Exercise directions:
Each line below must be reproduced exactly, though the pictures are to be dropped.

Given records:
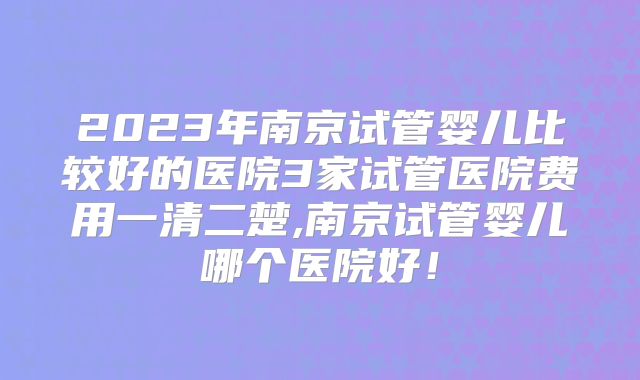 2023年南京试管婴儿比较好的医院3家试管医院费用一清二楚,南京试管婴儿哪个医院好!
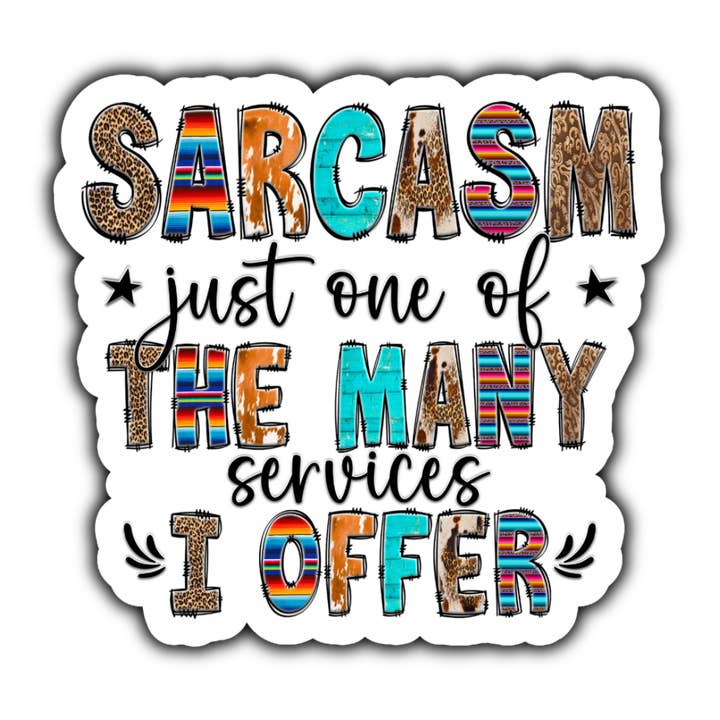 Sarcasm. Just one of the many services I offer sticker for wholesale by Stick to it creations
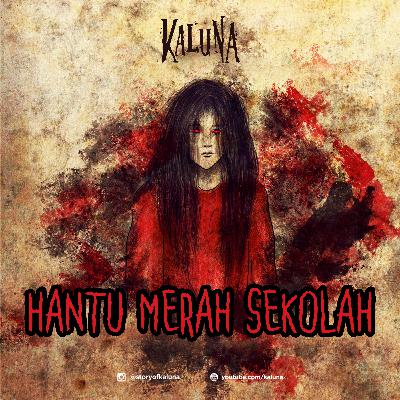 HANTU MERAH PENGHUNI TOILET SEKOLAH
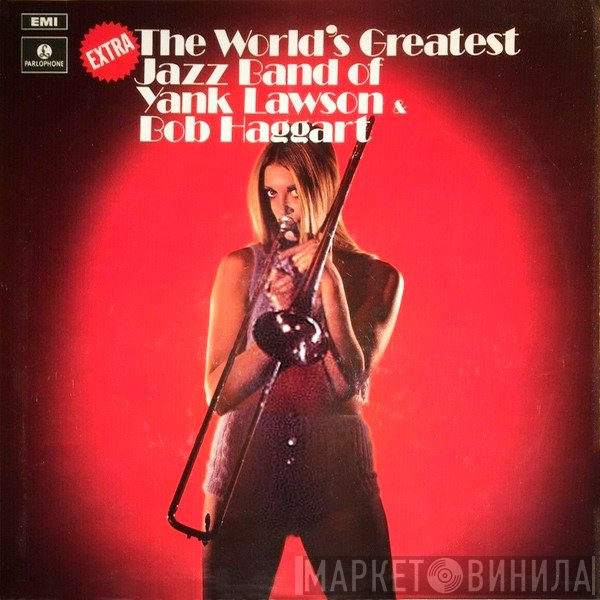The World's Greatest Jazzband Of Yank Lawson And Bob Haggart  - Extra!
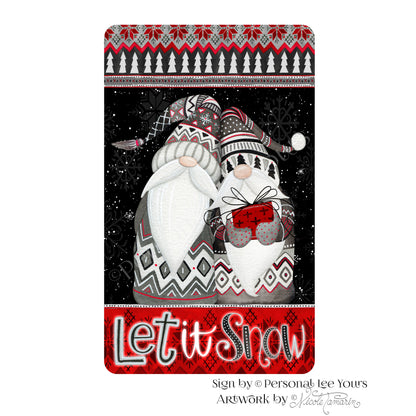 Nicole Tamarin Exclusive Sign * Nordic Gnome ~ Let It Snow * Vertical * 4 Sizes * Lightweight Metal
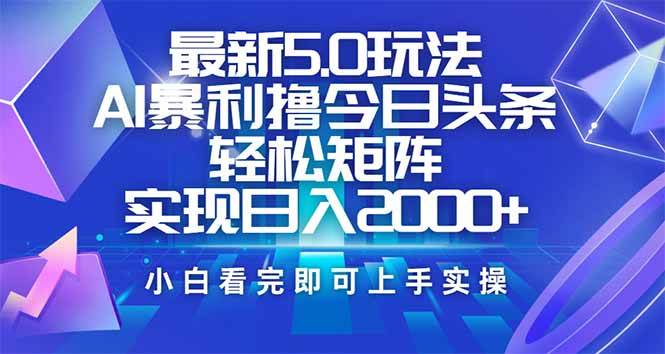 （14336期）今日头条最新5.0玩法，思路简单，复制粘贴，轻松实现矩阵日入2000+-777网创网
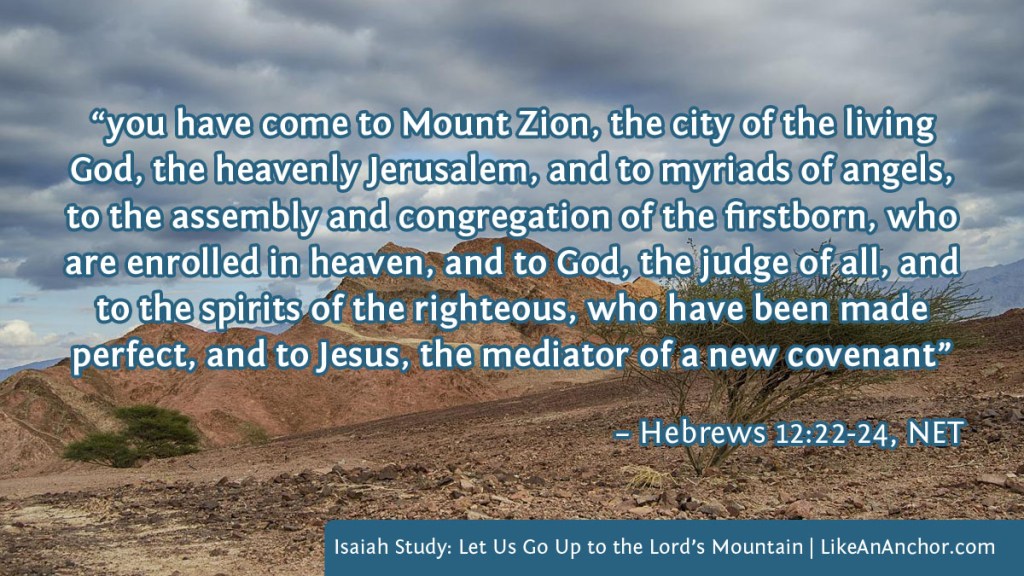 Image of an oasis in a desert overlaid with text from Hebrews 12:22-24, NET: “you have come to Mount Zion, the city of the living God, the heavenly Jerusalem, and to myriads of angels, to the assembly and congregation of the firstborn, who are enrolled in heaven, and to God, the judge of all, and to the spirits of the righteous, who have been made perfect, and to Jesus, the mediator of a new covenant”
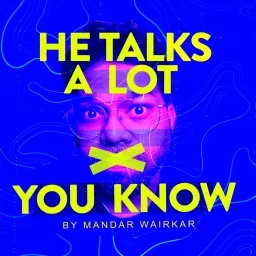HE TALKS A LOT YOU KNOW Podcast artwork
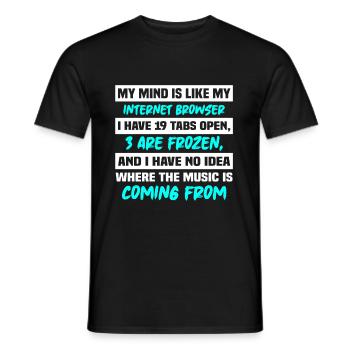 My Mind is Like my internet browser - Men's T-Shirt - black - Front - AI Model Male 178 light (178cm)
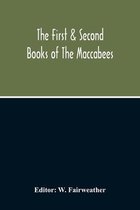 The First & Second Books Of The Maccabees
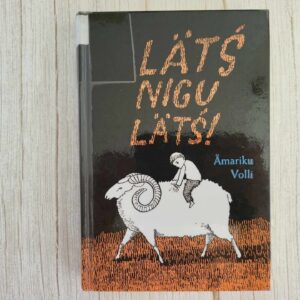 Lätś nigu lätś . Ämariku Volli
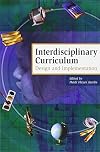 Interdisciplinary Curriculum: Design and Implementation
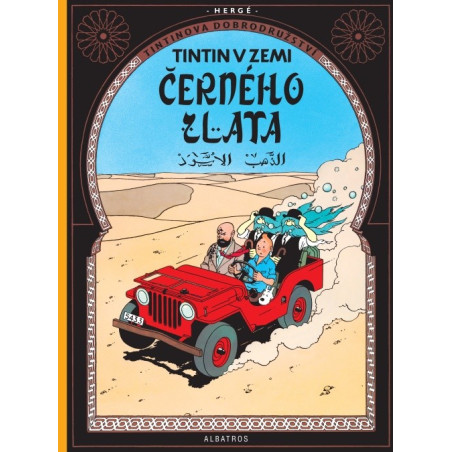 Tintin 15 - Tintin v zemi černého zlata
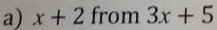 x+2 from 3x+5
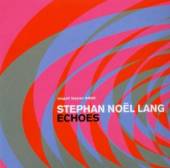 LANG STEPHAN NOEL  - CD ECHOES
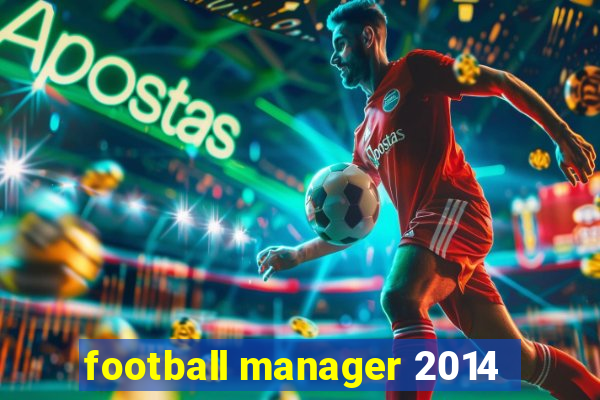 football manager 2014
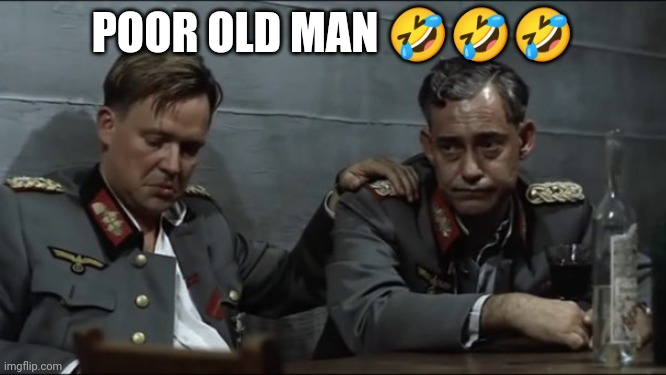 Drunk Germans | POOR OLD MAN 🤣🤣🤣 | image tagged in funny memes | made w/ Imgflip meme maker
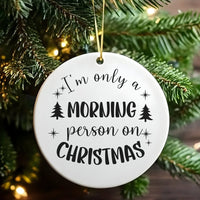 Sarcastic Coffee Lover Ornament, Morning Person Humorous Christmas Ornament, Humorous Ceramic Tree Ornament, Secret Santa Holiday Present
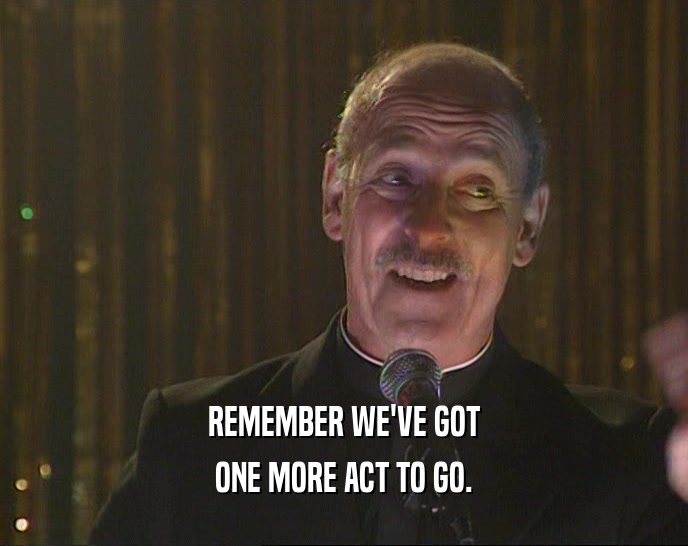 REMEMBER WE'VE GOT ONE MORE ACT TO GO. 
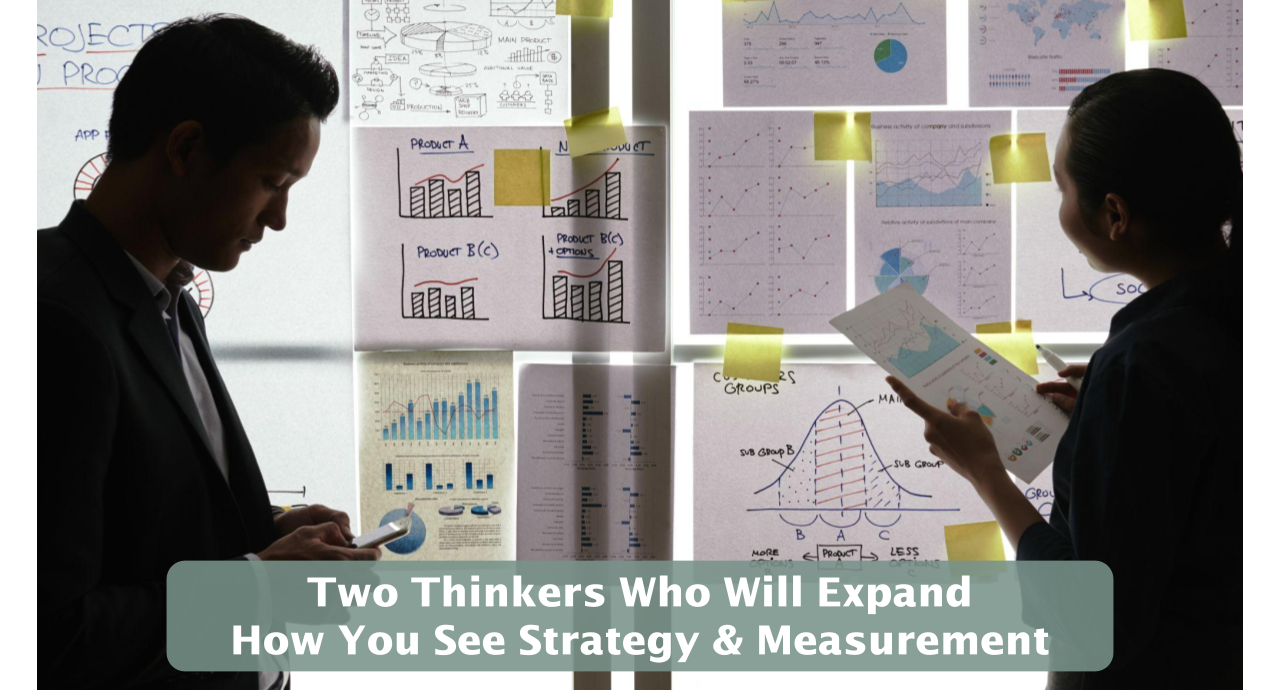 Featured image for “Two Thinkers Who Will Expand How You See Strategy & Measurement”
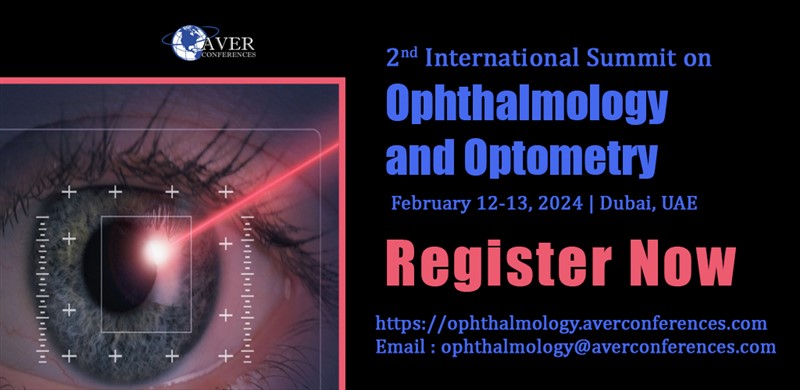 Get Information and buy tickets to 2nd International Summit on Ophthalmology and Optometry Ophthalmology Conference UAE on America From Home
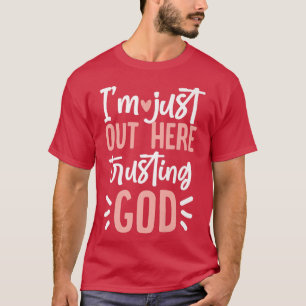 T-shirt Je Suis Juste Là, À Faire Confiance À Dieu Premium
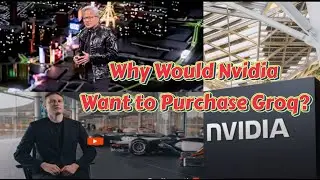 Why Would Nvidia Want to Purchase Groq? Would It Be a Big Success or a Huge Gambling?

Answer for this exercise:
 2023年南京试管婴儿比较好的医院3家试管医院费用一清二楚,南京试管婴儿哪个医院好!
 Sarcasm. Just one of the many services I offer sticker for wholesale by Stick to it creations
 HANTU MERAH PENGHUNI TOILET SEKOLAH
The World's Greatest Jazzband Of Yank Lawson And Bob Haggart  - Extra!
 Nicole Tamarin Exclusive Sign * Nordic Gnome ~ Let It Snow * Vertical * 4 Sizes * Lightweight Metal
 （14336期）今日头条最新5.0玩法，思路简单，复制粘贴，轻松实现矩阵日入2000+-777网创网
 Image of an oasis in a desert overlaid with text from Hebrews 12:22-24, NET: “you have come to Mount Zion, the city of the living God, the heavenly Jerusalem, and to myriads of angels, to the assembly and congregation of the firstborn, who are enrolled in heaven, and to God, the judge of all, and to the spirits of the righteous, who have been made perfect, and to Jesus, the mediator of a new covenant”
HE TALKS A LOT YOU KNOW Podcast artwork
 My Mind is Like my internet browser - Men's T-Shirt - black - Front - AI Model Male 178 light (178cm)
 The First & Second Books Of The Maccabees
 Lätś nigu lätś . Ämariku Volli
 Interdisciplinary Curriculum: Design and Implementation
 Tintin 15 - Tintin v zemi černého zlata
 x+2 from 3x+5
 LANG STEPHAN NOEL  - CD ECHOES
 football manager 2014
 Drunk Germans | POOR OLD MAN 🤣🤣🤣 | image tagged in funny memes | made w/ Imgflip meme maker
 Sarcastic Coffee Lover Ornament, Morning Person Humorous Christmas Ornament, Humorous Ceramic Tree Ornament, Secret Santa Holiday Present
 REMEMBER WE'VE GOT ONE MORE ACT TO GO. 
 Featured image for “Two Thinkers Who Will Expand How You See Strategy & Measurement”
 Get Information and buy tickets to 2nd International Summit on Ophthalmology and Optometry Ophthalmology Conference UAE on America From Home
 T-shirt Je Suis Juste Là, À Faire Confiance À Dieu Premium
 Why Would Nvidia Want to Purchase Groq? Would It Be a Big Success or a Huge Gambling?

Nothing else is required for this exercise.